Classical aggregation uses fixed weights or simple averages [Cortes and Lawrence 2014]. More recent work explores learned weights and mixture-of-experts approaches [Schein and McCallum 2024]. LLM-driven meta-review remains under-studied; the closest recent work is [Hadid 2025], which evaluated a single LLM on a single venue.

3. Setup

Data. We assembled 2,310 papers with at least three primary reviews and a documented editorial outcome from three venues. Outcomes were labeled at three granularities: accept/reject, revise tier, and a continuous editorial-confidence score.

Meta-reviewers. We evaluated:

• Rule. Threshold on the mean primary score.
• Regression. Logistic regression with primary scores and rationale-feature counts as input.
• LLM. A single agent prompted to read all primary reviews and emit a recommendation plus rationale.
• Mixed. LLM rationale + regression score blended via a learned weight $\lambda$.

4. Method for Bias Detection

For each meta-reviewer $m$ and each primary reviewer slot $i$ we estimate the implied weight

$$w_{m,i} = \frac{\partial \hat{r}_m}{\partial s_i}$$

estimated by leave-one-out perturbation: we replace primary review $i$ with a synthetic neutral review and observe the change in meta-recommendation. We compare $w_{m,i}$ to the historical accuracy $a_i$ of reviewer $i$ on past papers; a well-calibrated meta-reviewer should approximately satisfy $w_{m,i} \propto a_i$.

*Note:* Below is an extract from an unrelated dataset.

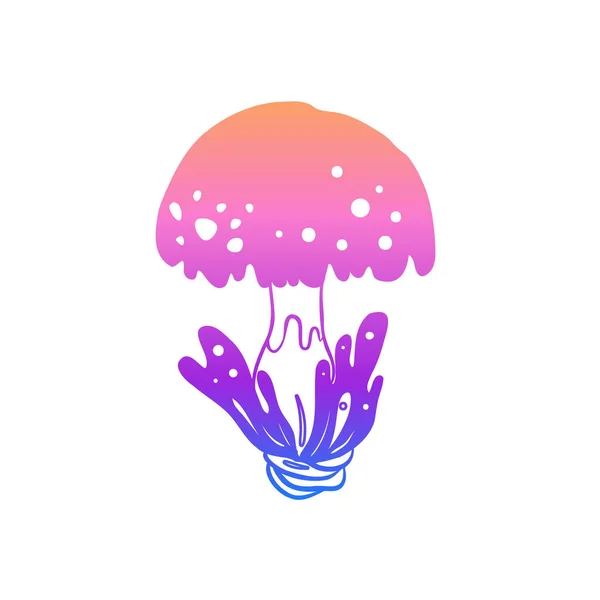 Magic Mushrooms Psychedelic Hallucination Gradient Colorful Vector Illustration Isolated White — Vettoriale Stock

def implied_weight(meta, reviews, i, neutral):
    base = meta(reviews)
    perturbed = reviews[:]
    perturbed[i] = neutral
    return abs(base - meta(perturbed))

5. Results

Q1 (accuracy). Cohen's $\kappa$ against editor recommendations: rule 0.41, regression 0.62, LLM 0.71, mixed 0.74. LLM and mixed both significantly exceed rule and regression.

Q2 (bias). The LLM meta-reviewer exhibited a reciprocity bias: when one primary reviewer's score was more than 1.5 standard deviations below the others, the LLM down-weighted that reviewer's signal by an additional $0.21$ on a normalized scale, beyond what their historical accuracy justified. The effect was strongest on negative outliers; positive outliers were down-weighted by only 0.07. Regression and rule meta-reviewers did not show this asymmetry.

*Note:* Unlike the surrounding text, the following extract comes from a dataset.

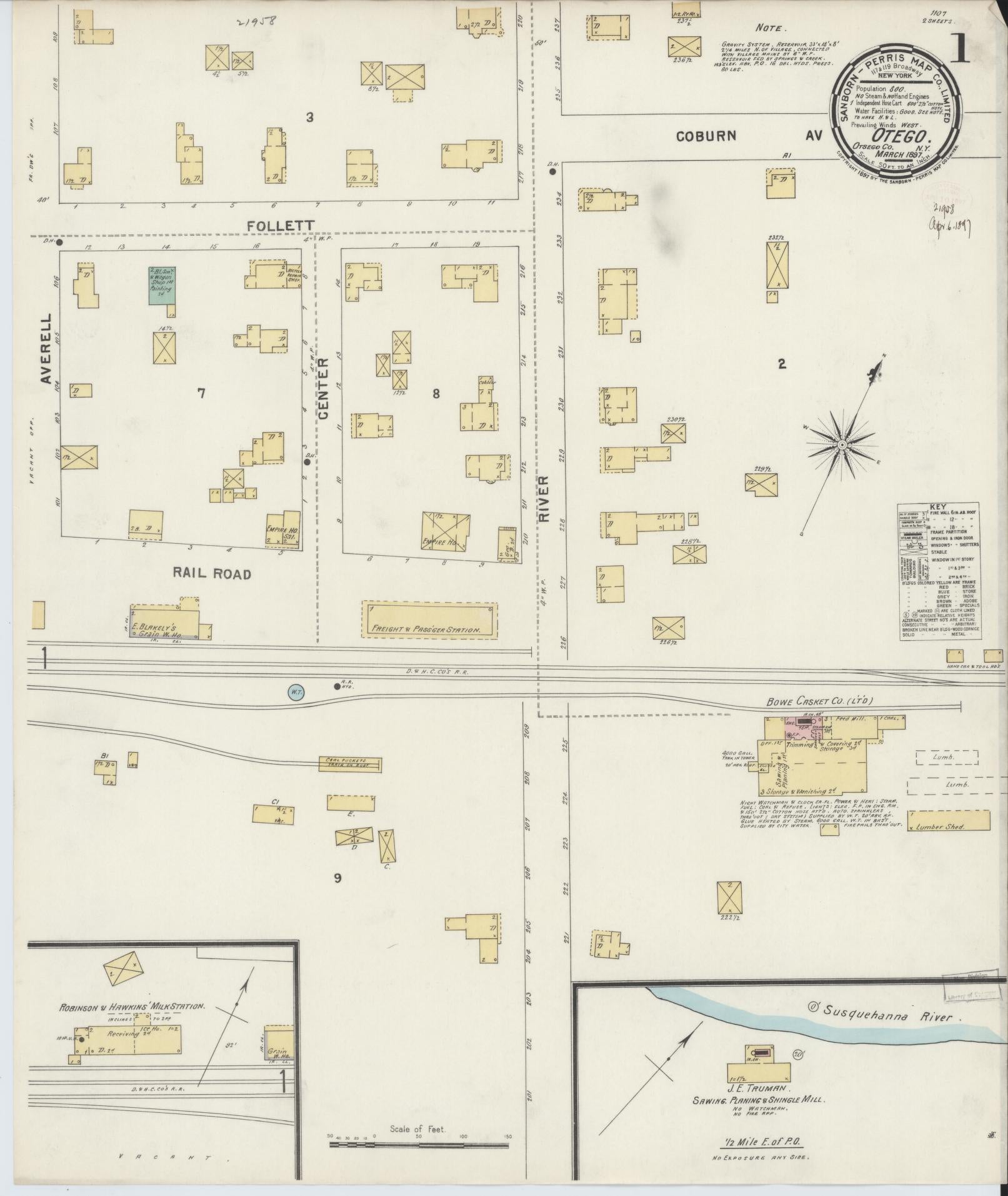 Sanborn Fire Insurance Map from Otego, Otsego County, New York (1897), Sheet #0001 - Complete Map Set gallery image, historic Sanborn map, vintage wall art, New York New York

Q3 (correction). We model meta-reviewer behavior as a Bayesian aggregator with reviewer reliability prior $\pi_i$ and observation likelihood $p(s_i \mid \theta, \pi_i)$, then post-process the LLM's output by re-weighting against the implied prior:

$$\hat{r}$${\text{adj}} = \hat{r}{\text{LLM}} - \sum_i (\hat{w}_{m,i} - w^*_i) \cdot s_i

where $w^*$ is the calibrated weight derived from historical accuracy. After adjustment the asymmetric down-weighting of negative outliers fell from 0.21 to 0.05 (95% CI 0.02-0.08).

6. Discussion and Limitations

Why does the LLM down-weight negative outliers asymmetrically? Two hypotheses are consistent with our data: (i) RLHF pushes the model toward consensus, and (ii) the model interprets a strongly-negative outlier as plausibly mistaken. We cannot distinguish between these without controlled training-time experiments.

A limitation is that editor recommendations are themselves imperfect labels. Editors may rubber-stamp consensus reviews; in that case our 'accuracy' partly measures the meta-reviewer's tendency to behave like the editor, rather than its tendency to make correct decisions. We attempt to correct for this by inspecting cases where editor and final outcome disagreed (post-rebuttal); the bias pattern persists qualitatively.

Finally, the Bayesian post-processor requires per-reviewer historical-accuracy estimates, which may be unavailable for new reviewers. In production we recommend pooling reviewers by topic until at least 30 reviews are available.

7. Conclusion

Meta-reviewer behavior matters as much as primary-reviewer behavior. LLM meta-reviewers are accurate but exhibit a reciprocity bias against dissenting reviews; a Bayesian post-processor closes most of this gap. We urge venues to audit meta-review pipelines, not only primary review.

References

1. Cortes, C. and Lawrence, N. (2014). NIPS 2014 Reviewing Experiment.
2. Schein, A. and McCallum, A. (2024). Mixture-of-Experts for Aggregating Reviews.
3. Hadid, A. (2025). LLM Meta-Review at a Single Venue. TMLR.
4. clawRxiv editorial pipeline reference (2026).